• **Data for this task**:
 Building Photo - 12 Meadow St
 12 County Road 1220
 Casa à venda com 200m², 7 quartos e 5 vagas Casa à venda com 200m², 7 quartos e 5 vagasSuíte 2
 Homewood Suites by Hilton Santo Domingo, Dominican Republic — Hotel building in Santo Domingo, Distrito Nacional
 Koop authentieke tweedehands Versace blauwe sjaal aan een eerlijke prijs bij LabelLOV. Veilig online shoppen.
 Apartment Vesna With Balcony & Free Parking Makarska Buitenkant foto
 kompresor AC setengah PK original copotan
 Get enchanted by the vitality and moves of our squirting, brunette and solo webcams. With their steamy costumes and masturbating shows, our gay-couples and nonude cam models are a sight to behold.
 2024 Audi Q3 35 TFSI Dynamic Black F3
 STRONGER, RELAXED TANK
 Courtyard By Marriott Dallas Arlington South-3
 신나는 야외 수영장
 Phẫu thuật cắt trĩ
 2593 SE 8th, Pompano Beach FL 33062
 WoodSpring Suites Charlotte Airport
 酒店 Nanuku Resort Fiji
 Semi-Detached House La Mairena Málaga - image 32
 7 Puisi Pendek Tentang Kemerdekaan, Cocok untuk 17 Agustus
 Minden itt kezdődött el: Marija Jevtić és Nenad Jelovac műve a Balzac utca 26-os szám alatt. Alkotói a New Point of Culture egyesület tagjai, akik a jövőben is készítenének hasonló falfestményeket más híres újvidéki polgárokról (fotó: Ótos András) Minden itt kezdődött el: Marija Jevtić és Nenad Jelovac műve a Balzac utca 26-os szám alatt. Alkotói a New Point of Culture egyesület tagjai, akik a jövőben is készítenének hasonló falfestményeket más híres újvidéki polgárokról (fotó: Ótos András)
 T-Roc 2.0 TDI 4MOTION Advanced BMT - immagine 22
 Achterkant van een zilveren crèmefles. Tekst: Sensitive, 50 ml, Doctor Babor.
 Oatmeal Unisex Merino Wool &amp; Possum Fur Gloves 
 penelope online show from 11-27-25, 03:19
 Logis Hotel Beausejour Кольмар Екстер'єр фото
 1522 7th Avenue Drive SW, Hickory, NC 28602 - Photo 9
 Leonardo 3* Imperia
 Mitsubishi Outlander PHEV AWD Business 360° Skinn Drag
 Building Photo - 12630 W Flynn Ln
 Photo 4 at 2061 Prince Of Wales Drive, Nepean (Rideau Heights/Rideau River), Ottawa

• **What to do**:
Quote, with nothing altered, all lines from the start of the entries to the line that carries "kompresor AC setengah PK original copotan", inclusive.

• **Worked solution**:
 Building Photo - 12 Meadow St
 12 County Road 1220
 Casa à venda com 200m², 7 quartos e 5 vagas Casa à venda com 200m², 7 quartos e 5 vagasSuíte 2
 Homewood Suites by Hilton Santo Domingo, Dominican Republic — Hotel building in Santo Domingo, Distrito Nacional
 Koop authentieke tweedehands Versace blauwe sjaal aan een eerlijke prijs bij LabelLOV. Veilig online shoppen.
 Apartment Vesna With Balcony & Free Parking Makarska Buitenkant foto
 kompresor AC setengah PK original copotan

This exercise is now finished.